Como um questionador das atitudes da inquisição perante aquele caso, ao irmão Baskerville é dada a “punição” de repetir suas palavras dúbias perante o papa. Afinal, aquele que questiona o Estado precisa ser detido antes que inspire mais pessoas a questionar como ele. Sem divagar muito e fugir do tema proposto, observamos com clareza como o Estado se tornou controlador de relações e expressões consideradas inerentes ao homem, que de forma alguma deveria pertencer a sua alçada estatal. Não sabemos se o irmão Baskerville, através de sua racionalidade, previu que o homem é um ser livre e o Estado um ente mínimo que deverá regular apenas questões essenciais ao convívio em sociedade, tais como segurança, educação e saúde; e nem se o autor tinha essa intenção ao escrever o livro, mas a verdade é que através de uma análise não tão acurada da obra é possível observar essa subversão positiva contra os mandos de um Estado autoritário e opressor. Quando o irmão Baskerville se alia a uma visão racional e não supersticiosa dos fatos em questão, ele notadamente se põe contra um sistema. E como todo subversor em um Estado opressor, necessário se faz a sua punição.

Então, sem se deixar intimidar, William anuncia que as mortes não cessarão com a prisão daqueles inocentes. Mas infelizmente, o monge não é devidamente ouvido.

Com a morte de mais dois irmãos beneditinos, o ultimo no meio de um sermão do irmão Jorge de Burgo, os instintos de Baskerville o alerta a agir o quanto antes, e juntamente com seu noviço Adson, a dupla volta para a biblioteca do monastério onde recentemente exploraram a procura de pistas para a solução daquelas mortes.  Após percorrer um labirinto ao acaso, os dois encontram o responsável por todos aqueles crimes. O autor não será mencionado em respeito ao leitor que ainda não assistiu a versão cinematográfica ou leu a historia. O motivo será igualmente preservado, afinal O Nome da Rosa é uma obra que merece ser degustada de alguma forma, seja na versão romanceada, seja em vídeo.

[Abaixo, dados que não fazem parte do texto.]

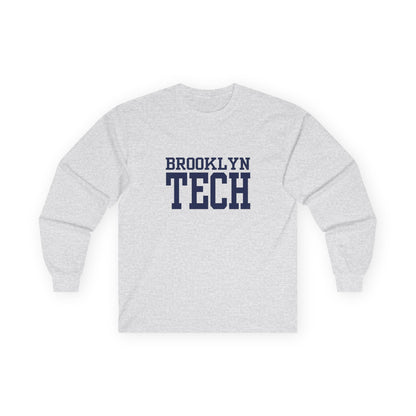Brooklyn Tech - Men's Ultra Cotton Long Sleeve Tee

O homem nasceu mortal, mas de alguma forma consegue perpetuar sua existência nesse mundo através de suas obras. Umberto Eco partiu, entretanto acredito que ele se encontra mais presente do que nunca em nosso meio. Quando seu nome é lembrado, sabemos que seus esforços em vida foram suficientes para eternizar seu eco pelo tempo. Ao explicar a origem do nome da obra, o autor, através de citação de texto de Arnaldo Sampaio (2013) conta que:

 Há tradição que nos dá conta de texto canônico no qual se leria que nomes seriam mais importantes do que coisas. Afinal, segundo esta tradição, no dia em que no mundo não existirem mais rosas, restará entre os homens à lembrança do nome da rosa...

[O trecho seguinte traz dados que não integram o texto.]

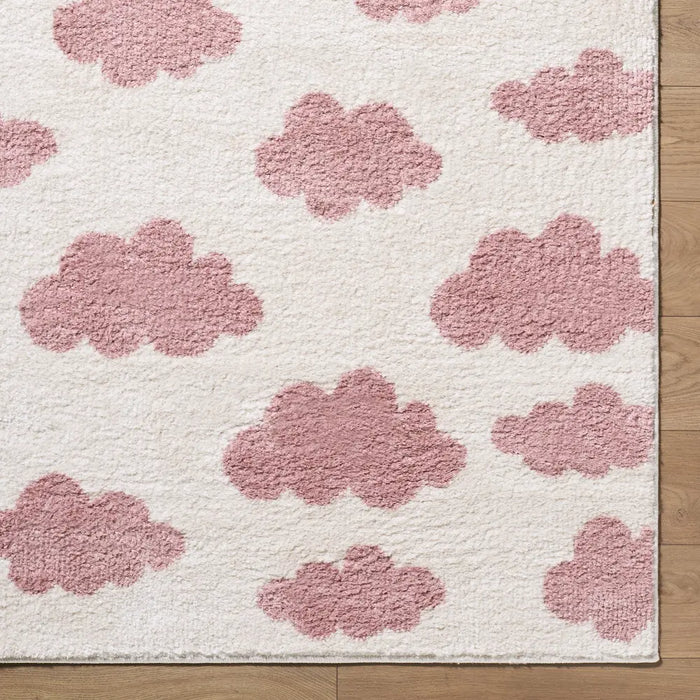 Fossay Shag Washable Modern High Pile FSG2349 Rug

Umberto Eco partiu, mas a exemplo do texto acima, restou à lembrança do seu nome entre nós. Obrigado por ter existido, Umberto Eco, o mundo sentirá sua falta.


Notas e Referências:

Eco, Umberto, O Nome da Rosa, Rio de Janeiro: Record, 2010. Tradução de Aurora Fornoni Bernardini e de Homero Freitas de Andrade.

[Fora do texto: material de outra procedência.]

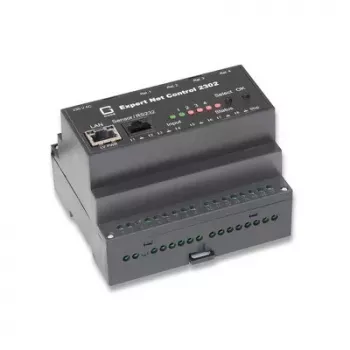 Zdalny kontroler zasilania Güde 2302-1 Czarny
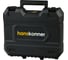 Аккумуляторный ударный винтоверт Hanskonner 1BatterySystem HCD200H 17
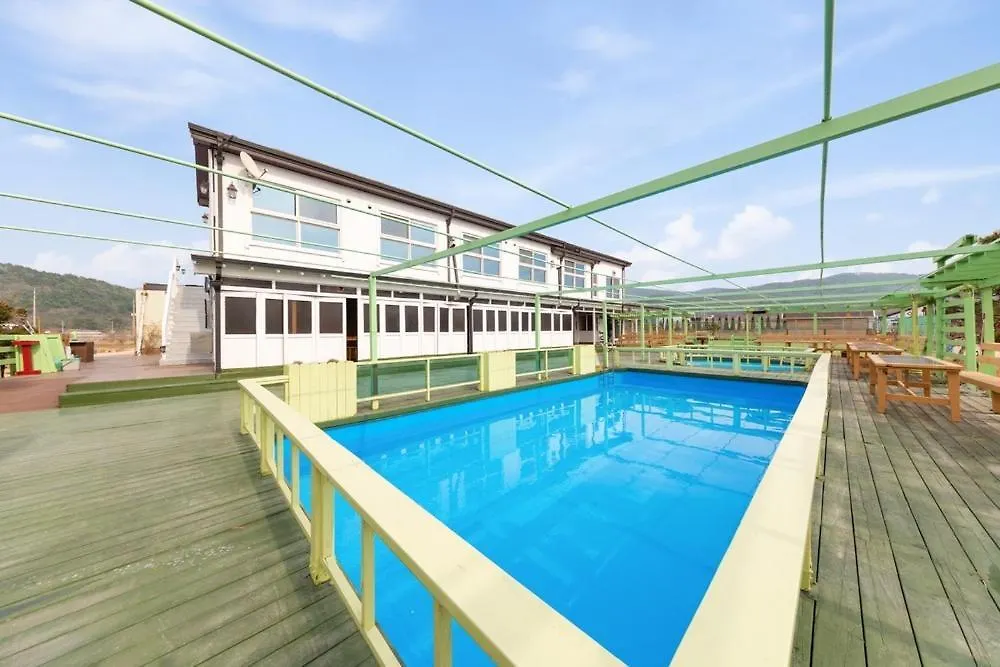 Guest house Abientot Spa Pension Ganghwa Incheon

GODOY, Arnaldo Sampaio de Moraes. EMBARGOS CULTURAIS: O Nome da Rosa mostra Igreja dominada por intrigas. Disponível em:< http://www.conjur.com.br/2013-abr-28/embargos-culturais-nome-rosa-mostra-igreja-dominada-intrigas>. Acesso em: 23 de fevereiro de 2016.

 GOSETTI, Giorgio. Filme 'O Nome da Rosa' foi "boa traição" do livro, disse Eco. Disponível em:< http://diversao.terra.com.br/arte-e-cultura/filme-o-nome-da-rosa-foi-boa-traicao-do-livro-disse-umberto>. Acesso em 24 de fevereiro de 2016.

NOME da Rosa, O. Direção: Jean-Jacques Annaud. Bernd Eichinger Produções. Alemanha, França e Italia, 1986. 130 min. Son, Color, Formato: 70 mm.


Kássio Henrique Aires. Kássio Henrique Aires é estudante de Direito na Faculdade Católica do Tocantins - FACTO; Representante de turma; Coordenador Jurídico e de Assistência Estudantil do Diretório Central Estudantil - DCE/FACTO; Membro do Observatório de Direitos Humanos; Bolsista pesquisador na área de Direitos Humanos da FACTO; Monitor da matéria de Direito Penal II do curso de Direito da FACTO; e um apaixonado por Direito.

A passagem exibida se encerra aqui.